You’re right that there are existing CoC’s from a variety of sources promulgated over the last decade or two. It’s unclear that those will survive the test of time, where the Rule has guided thousands of communities over hundreds of years.
It’s tragic that people mistake right-leaning evangelical Protestantism for Christianity. And perhaps Hipp is pulling a political or marketing stunt in that vein. If he were known for such behavior, it would be his abuse of the spirit of the Rule that would be condemnable, but still not the CoC as written:
The entire rule is good and wholesome, and yet we make no enforcement of the more introspective aspects.
Everyone is free to use the SQLite source code, object code, and/or documentation regardless of their opinion of and adherence to this rule. SQLite has been and continues to be completely free to everyone, without precondition.

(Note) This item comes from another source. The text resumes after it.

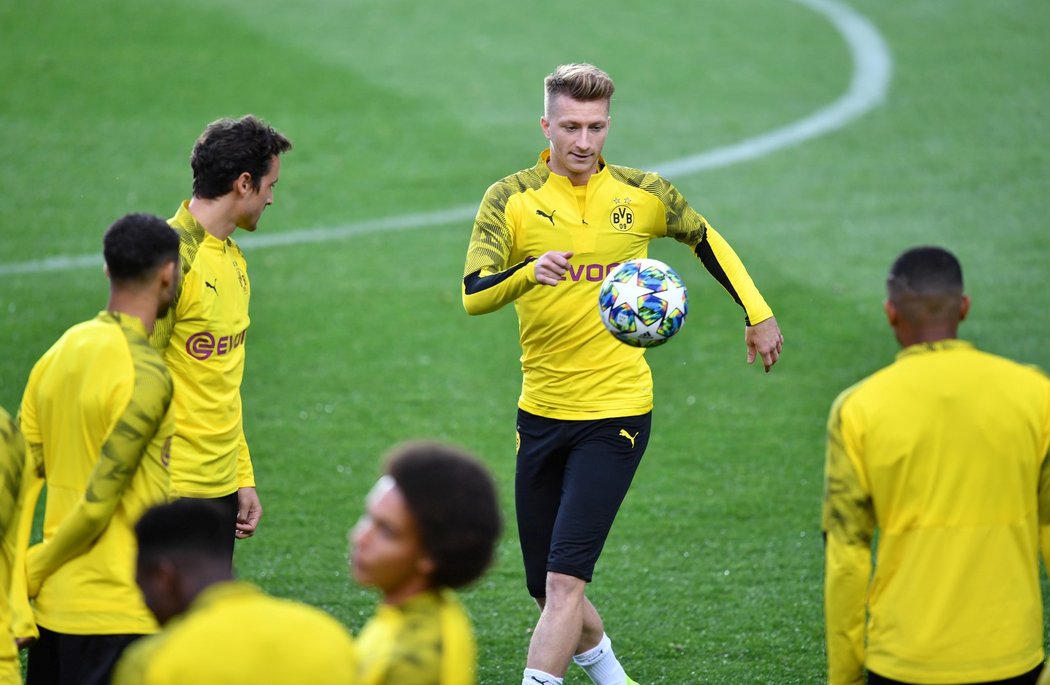 Kvůli absenci Paca Alcácera by na hrotu Dortmundu měl nastoupit Marco Reus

@jamesdasher respectfully, because they don’t deserve the benefit of the doubt. Their decision is so heavily encumbered with a religion that it can never be effective. Never. I’m a believer myself, and I appreciate the spirit of what they’re trying to accomplish, but a CoC is intended to ensure an open and welcome community, and they absolutely should have adopted an existing CoC.
@cleverdevil There's so much I'd like to ask about, and respond to, because this touches on about 47 of the things I'm fascinated by, but that conversation is better aided by frothy or fermented beverages.
Properly applied -- which would incude discussion among the core team and also occasional contributors, and probably the mailing list -- adopting something as classy and time-honored as the Rule, as the SQLite team appears to be adapting it, would be a fantastic homage to the spirit that animates the adoption of CoC's. But I defer to you about the ways that it was adopted, since, if it was as heavy-handed (or back-handed) as you indicate, it was tasteless and tacky, and a disservice both to the guiding spirit behind the Rule, and to the legitimate concerns of people for whom CoC's are a protective shield against, well, assholes.
@cleverdevil Is “Code of Conduct” a euphemism for something I’m not aware of? Does the concept carry hidden baggage? I thought of it as the way a company or group was committing to treat people. I’d be honored to be treated by the golden rule no matter my personal faith commitment. And I fail to see how Christians cannot see through other eyes less than anyone else. Some of us are not cretins.